How to run a Typesense HA Cluster on Fly?

Hi all - I am currently running a single node Typesense machine on Fly, but would like to update this to a cluster. My current workaround for a single node (since Typsense only supports IPv4) is from this Fly.io thread using socat and supervisor to route IPv6 from Fly to Typsense IPv4.

However with multiple nodes, I feel like this gets a bit complicated. In the Typesense GitHub someone posted their ability to get a cluster working using 6Tunnel and “tricking” each node to communicate locally(?) and then use 6Tunnel to route to other nodes. You can find the post here

But in summary I’d need to run:

# Listen on IPv6 ports 8108 and make available via the defined api port for the node. For External Traffic
6tunnel -6 -l :: 8108 localhost $api_port
# Listen on IPv6 ports $api_port and make available via the defined api port for the node. For Cross-Node Traffic
6tunnel -6 -l <private v6 ip> $api_port localhost $api_port
6tunnel -6 -l <private v6 ip> $peering_port localhost $peering_port

# API and Peering tunnels for other nodes
6tunnel -4 -l localhost <node 2 api port> <node 2 private v6 ip>
6tunnel -4 -l localhost <node 2 peering port> <node 2 private v6 ip>
6tunnel -4 -l localhost <node 3 api port> <node 3 private v6 ip>
6tunnel -4 -l localhost <node 3 peering port> <node 3 private v6 ip>

I honestly don’t know which IPs from Fly I should be adding to this section and I’m hoping just referencing the internal url that Fly provides here accomplishes the same thing, here’s what I currently have but doesn’t seem to communicate correctly (currently hardcoded in Go, where I ripped most of it from the nats-cluster example you guys created). This would be an example of an LAX node that would like to communicate with another node in SJC:

exec.Command("6tunnel", "-6", "-l", "::", "8108", "localhost", "8062").Run()

exec.Command("6tunnel", "-6", "-l", "lax.foundry-typesense-cluster.internal", "8062", "localhost", "8062").Run()
exec.Command("6tunnel", "-6", "-l", "lax.foundry-typesense-cluster.internal", "8107", "localhost", "8107").Run()

exec.Command("6tunnel", "-4", "-l", "localhost", "8063", "sjc.foundry-typesense-cluster.internal").Run()
exec.Command("6tunnel", "-4", "-l", "localhost", "8107", "sjc.foundry-typesense-cluster.internal").Run()

svisor.AddProcess(
	"typesense-server",
	"typesense-server --data-dir=/data --api-key=xxx --api-port=8062 --peering-port 8107 --nodes=/etc/typesense-nodes --reset-peers-on-error",
	supervisor.WithRestart(0, 1*time.Second),
)

There’s also an additional peering-address flag you can add which needs a private IPv4 address of the specific node and I have no clue how to get something like that considering the Fly internally uses IPv6? When I don’t add the flag it binds to a 172 address.

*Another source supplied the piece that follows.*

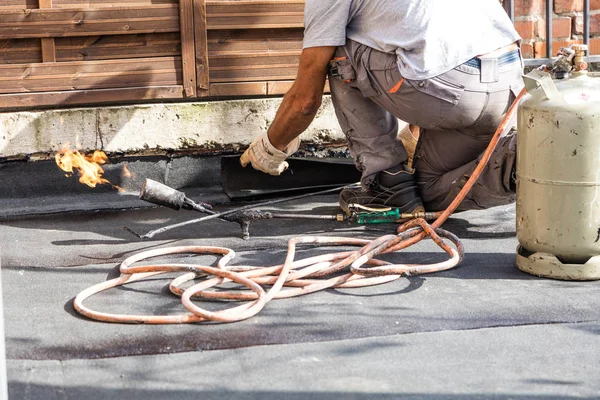 Roll Roofing Installation Propane Blowtorch Construction Works — Stock Photo, Image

Each machine needs a typesense-nodes file so that Raft knows all ips/ports of the cluster too, which I’ve set as (first would be for LAX, the other would be a SJC node):

localhost:8107:8062,localhost:8107:8063

I thought I should be using localhost since the 6tunnel would be routing communication of the unique ports (8062 and 8063) to the respective node.

The complete HA documentation can be found here

This is sort of a hybrid Fly.io / Typesense question, so I hope I provided enough background and would really appreciate any insight or suggestions. Thank you!!

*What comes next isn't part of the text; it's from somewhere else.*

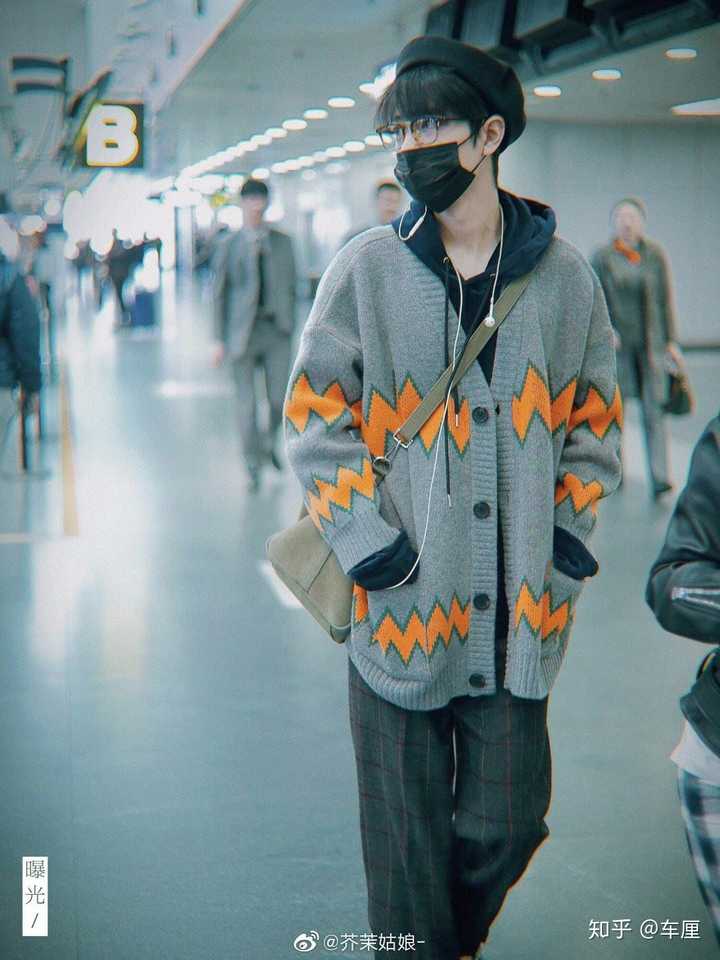 有没有肖战的高清图片,可以当壁纸的那种照片?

I don’t have this setup but seems like the peering port should probably be unique per server right? Maybe try 8107 for lax and 8109 for sjc?

@ianjosephwilson That’s a good question - I am under the impression that the peering port can be the same given that the example nodes they provide all take the same port number since they’re on different hosts too. Example below:

I’m not sure if I fully understand how 6tunnel/networking/typesense peer works but I think because you are overloading the same port on ipv4 on localhost. Having the same port on the hosts would be fine if you were connecting to them over a regular ipv4 network like in that example.

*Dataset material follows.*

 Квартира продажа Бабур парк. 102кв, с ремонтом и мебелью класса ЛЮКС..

Ie. Your lax typesense server is running their peer port on localhost:6107 AND you are also trying to tunnel localhost:6107 to the sjc typesense host at the same time.

Maybe just try it and see if it makes any difference. You could try to use a diff local and remote port but I think that will make the configuration on each server more confusing and you can share less.

localhost:8107:8062,localhost:8109:8063
exec.Command("6tunnel", "-6", "-l", "::", "8108", "localhost", "8062").Run()

exec.Command("6tunnel", "-6", "-l", "lax.foundry-typesense-cluster.internal", "8062", "localhost", "8062").Run()
exec.Command("6tunnel", "-6", "-l", "lax.foundry-typesense-cluster.internal", "8107", "localhost", "8107").Run()

exec.Command("6tunnel", "-4", "-l", "localhost", "8063", "sjc.foundry-typesense-cluster.internal").Run()
exec.Command("6tunnel", "-4", "-l", "localhost", "8109", "sjc.foundry-typesense-cluster.internal").Run()

svisor.AddProcess(
	"typesense-server",
	"typesense-server --data-dir=/data --api-key=xxx --api-port=8062 --peering-port 8107 --nodes=/etc/typesense-nodes --reset-peers-on-error",
	supervisor.WithRestart(0, 1*time.Second),
)

Also are you receiving an error or warning from any of the commands?

This concept seems to work locally with docker+docker-compose but I had to set the peering address to --peering-address=127.0.0.1. I might be able to try it on fly tomorrow.

Thanks for checking @ianjosephwilson if you do have a minute to try on Fly, please let me know. Happy to debug this with you tomorrow! Really just want to help get some documentation out there how to set up HA for Fly Typesense too since I imagine others would find it quite useful too :smiley:

Edit: I didn’t happen to see the example you had too that worked locally. I will give this a shot

@ianjosephwilson so I receive “connection refused” errors trying to communicate with the other servers on the peering port. I’m wondering if we also need to add a :: listener for the peering ports for each machine too?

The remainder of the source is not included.